Japan Geoscience Union Meeting 2024

Presentation information

[E] Oral

M (Multidisciplinary and Interdisciplinary) » M-GI General Geosciences, Information Geosciences & Simulations

[M-GI24] Data assimilation: A fundamental approach in geosciences

Thu. May 30, 2024 10:45 AM - 12:00 PM 104 (International Conference Hall, Makuhari Messe)

convener:Shin ya Nakano(The Institute of Statistical Mathematics), Yosuke Fujii(Meteorological Research Institute, Japan Meteorological Agency), Takemasa Miyoshi(RIKEN), Masayuki Kano(Graduate school of science, Tohoku University), Chairperson:Daisuke Hotta(Meteorological Research Institute), Shin ya Nakano(The Institute of Statistical Mathematics)

11:45 AM - 12:00 PM

[MGI24-10] Deterministic and ensemble forecasts of Kuroshio south of Japan

*Shun Ohishi1, Takemasa Miyoshi1, Misako Kachi2 (1.RIKEN Center for Computational Science, 2.JAXA EORC)

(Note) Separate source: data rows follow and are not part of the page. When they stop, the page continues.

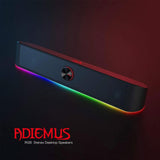 Redragon gs560 adiemus soundbar - Fun Touch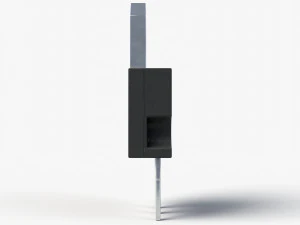 2k pbr textured transistor model 2 3D Model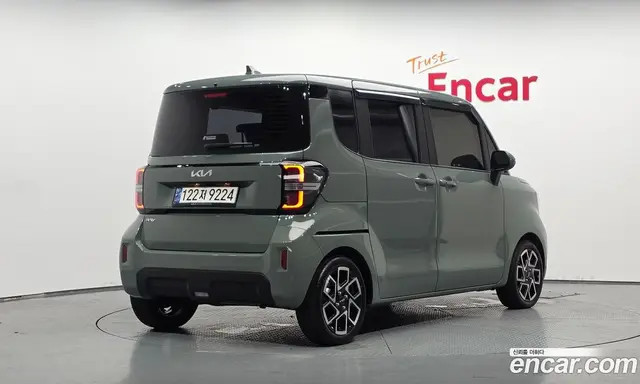 Kia Ray, 2024, 10 941 км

Keywords:Ocean data assimilation, Ensemble Kalman filter, Deterministic forecast, Ensemble forecast, Kuroshio, Predictability

Kuroshio flows eastward along the southern coast of Japan and has a variety of flow paths such as straight and large meander paths south of Japan at an interannual–decadal timescale. The Kuroshio path variations cause substantial damage to the fisheries, marine transport, and marine environment (e.g., Nakata et al. 2000; Barreto et al. 2021). Consequently, Japanese research institutions have conducted Kuroshio path predictions using regional ocean data assimilation systems with the Kalman filter (Hirose et al. 2013) and the three- and four-dimensional variational methods (Miyazawa et al. 2017; Kuroda et al. 2017; Hirose et al. 2019). However, these data assimilation methods are not designed for ensemble forecasts, and the predictions have been limited to deterministic ones so far.
We have developed a new local ensemble transform Kalman filter (LETKF)-based regional ocean data assimilation system (Ohishi et al. 2022a, b) and released ensemble ocean analysis datasets called the LETKF-based Ocean Research Analysis (LORA) for the western North Pacific and Maritime Continent regions (Ohishi et al. 2023). The LORA datasets are shown to have sufficient accuracy for geoscience research, especially in the mid-latitude regions (Ohishi et al. 2023), and therefore, we can perform both deterministic and ensemble forecasts initialized by the LORA. This study aims to compare the predictability of the Kuroshio path south of Japan between deterministic and ensemble forecasts.
We performed 6-month deterministic and ensemble forecasts initialized every month on the first day from January 2016–December 2018 (total 36 cases) using the initial conditions of the analysis ensemble mean and 128 analysis ensembles from the LORA dataset, respectively. The results show that the predictability ranges of the Kuroshio path are about 100–110 and 130–140 days in the deterministic and ensemble forecasts, respectively, indicating a significantly longer predictability range of the ensemble forecasts than the deterministic forecasts.